En los últimos años no se ha inventado nada nuevo , solo han patentado *aplicaciones* de descubrimientos antiguos . . .  o mas o menos


----------



## capitanp (Ago 2, 2012)

Pero que circuito tan facil, ninguno se anima ha hacerlo

2 contactores
2 finales de carrera y 
1 timmer

es suficiente


----------



## DOSMETROS (Ago 2, 2012)

capitanp dijo:


> Pero que circuito tan facil, ninguno se anima ha hacerlo
> 
> 2 contactores
> 2 finales de carrera y
> ...


 
El problema es que vamos a derivar en el 555 y no tengo ganas 



DOSMETROS dijo:


> Bueno , necesita dos contactores , dos finales de carrera y un timer de uno o dos segundos para que pare antes de invertir . . . ahora quien le hace el diagrama ?


 


DOSMETROS dijo:


> Mucho bla bla BLA y nadie le dibuja el circuito , timer incluido


 


pachi2009 dijo:


> podria servirme este circuito? el tema que nose si entre giro hacia izquierda y giro hacia derecha se detiene unos segundos? obviamente a esto tendria que colocarle unos contactores para potencia
> 
> Ver el archivo adjunto 77250
> .


----------



## capitanp (Ago 2, 2012)

asi haria el giro, ya te hice la mitad del trabajo


----------



## DOSMETROS (Ago 2, 2012)

Póngale el timer antes que vuelva con esto : #*15*

Plis , se lo ruego


----------



## capitanp (Ago 2, 2012)

Timer = T1              .


----------



## DOSMETROS (Ago 2, 2012)

Arreglo lógica relé


----------



## capitanp (Ago 2, 2012)

1 contacto auxiliar NA para K1 y K2 es mas que suficiente

y 1 NC para evitar que cuando esta K1 activo no se Active K2


----------



## pachi2009 (Ago 3, 2012)

gracias por sus respuestas, lo del cigüeñal no me sirve ya lo hice y no le da la fuerza al motor por eso opte por esta opcion.
El tema de los contactores y la inversión de  giro lo se hacer lo que nose es como hacer el timmer ese es mi problema :s


----------



## Gudino Roberto duberlin (Ago 3, 2012)

Amigo, bueno, si la fuerza no es suficiente, NO significa que el sistema no sirva, es cuestion de implementar algo acorde.


----------



## DOSMETROS (Ago 3, 2012)

Fijate aqui :

http://www.google.com.ar/url?sa=t&r...v4CQDw&usg=AFQjCNG_cSGs6Apd8k4kVxv9R3TZBvSfnA


----------



## pachi2009 (Ago 8, 2012)

buenas de nuevo, gente solucione el tema del tiempo de espera, la maquina llega al final de su recorrido toca un fin de carrera activa un lm 555, para 5 segundos y vuelve a encender, el problema ahora es que cuando vuelve a encender quiero que gire hacial el otro lado, no que siga para el mismo lado, como puedo hacerlo?


----------



## DOSMETROS (Ago 8, 2012)

Relé doble inversor (8 patas)


----------



## pachi2009 (Ago 8, 2012)

como conecto el rele que me decis?

porque si el motor esta girando a la derecha, cuando activa el timmer se desconecta 5 segundos pero cuando conecta de nuevo sigue girando a la derecha, y yo necesito que cuando vuelva a conectar (despues de 5s de parada) gire a la izquierda


----------



## DOSMETROS (Ago 8, 2012)




----------



## Scooter (Ago 9, 2012)

En el enlace que puso DOSMETROS está explicado "a cucharaditas", mas claro el agua.
Tripitir lo mismo hasta el infinito no tiene mucho sentido.

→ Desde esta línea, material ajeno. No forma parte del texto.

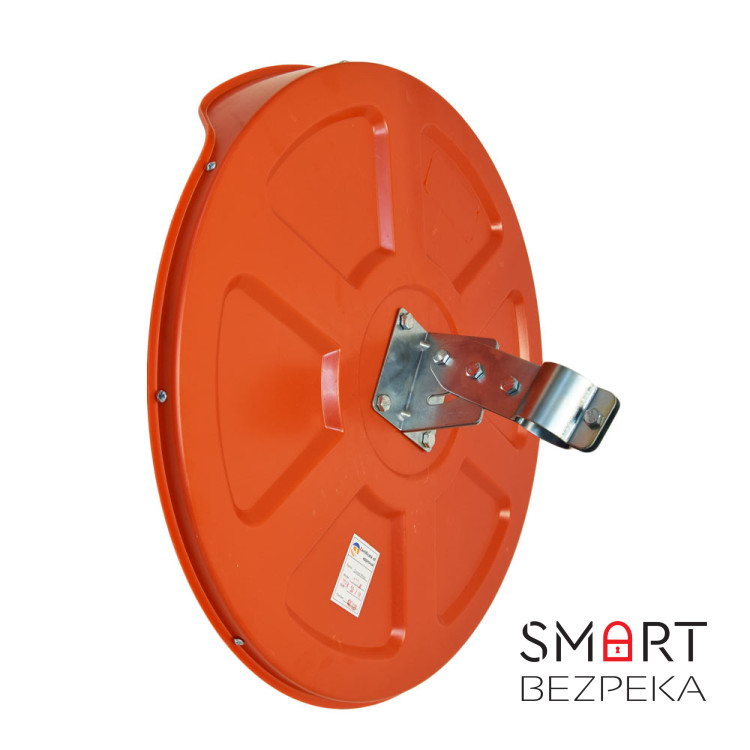 Обзорное сферическое зеркало DHUA OSD-800A-W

Hay dos contactores y cada uno da un sentido de giro.


----------



## capitanp (Ago 9, 2012)

pachi2009 dijo:


> buenas de nuevo, gente solucione el tema del tiempo de espera, la maquina llega al final de su recorrido toca un fin de carrera activa un lm 555, para 5 segundos y vuelve a encender, el problema ahora es que cuando vuelve a encender quiero que gire hacial el otro lado, no que siga para el mismo lado, como puedo hacerlo?


 
Tenias razon 2M, y dale con el 555


----------



## pachi2009 (Ago 9, 2012)

jaja bueno no se enojen con migo yo nose mucho y averiguo y pregunto todo para aprender algo


----------